Recently, systems have started appearing on the World Wide Web that automatically search in two indexes at once (catalog index and search engine index). Such systems allow you to take advantage of the search engines of both types and are called machine directories.

The fundamental difference between meta-search systems and accelerated search programs from IPS is the absence of their own index. These tools search the indexes of other search engines.

Metacrawler system (Metacrawler) - A search engine that does not have its own index, but is able to send user requests to several search engines simultaneously, then select the most relevant results, combine them and present them to the user in the form of a document with links.

The accelerated search program (Searchbots) is a program installed on the user's computer that can send a request to several search servers and sort the results, removing duplicates.

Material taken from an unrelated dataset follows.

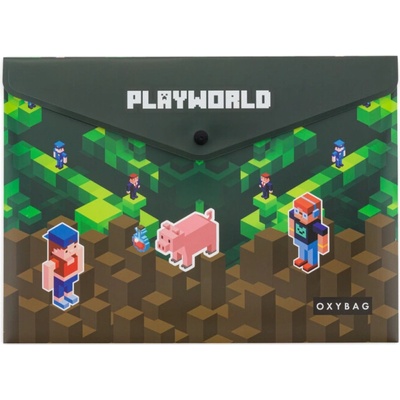 Listová kabelka s cvokom A4 s tlačou Playworld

Note that most search engines are one of the components of multifunctionalInternet Sites   - the so-called portals.

Portal - MultifunctionalWeb site Internet offering a variety of services: information search, free email, etc.

WWW catalogs

Consider the features of directory systems. In catalogs, a description of the sources of information is carried out by personnel, that is, by people who make a brief annotation for each resource. Then, as a rule, the described resources are sorted by topics (compilation of a thematic catalog).

The search in the catalog is very convenient and is carried out by sequentially clarifying topics. On the initial (home) page of a system of this kind you will see a list of the largest topics (categories) highlighted by the catalog staff, implemented as hypertext links. For example, Computers, Internet, Education, Art, etc. Having chosen the link to the category of the first level, you will be taken to a page with a list of subcategories, etc. Thus, without delving into the complexity of compiling queries, you can easily find sources on your chosen topic. It should be noted that the resources described in the directories are usually specialized high-quality sites.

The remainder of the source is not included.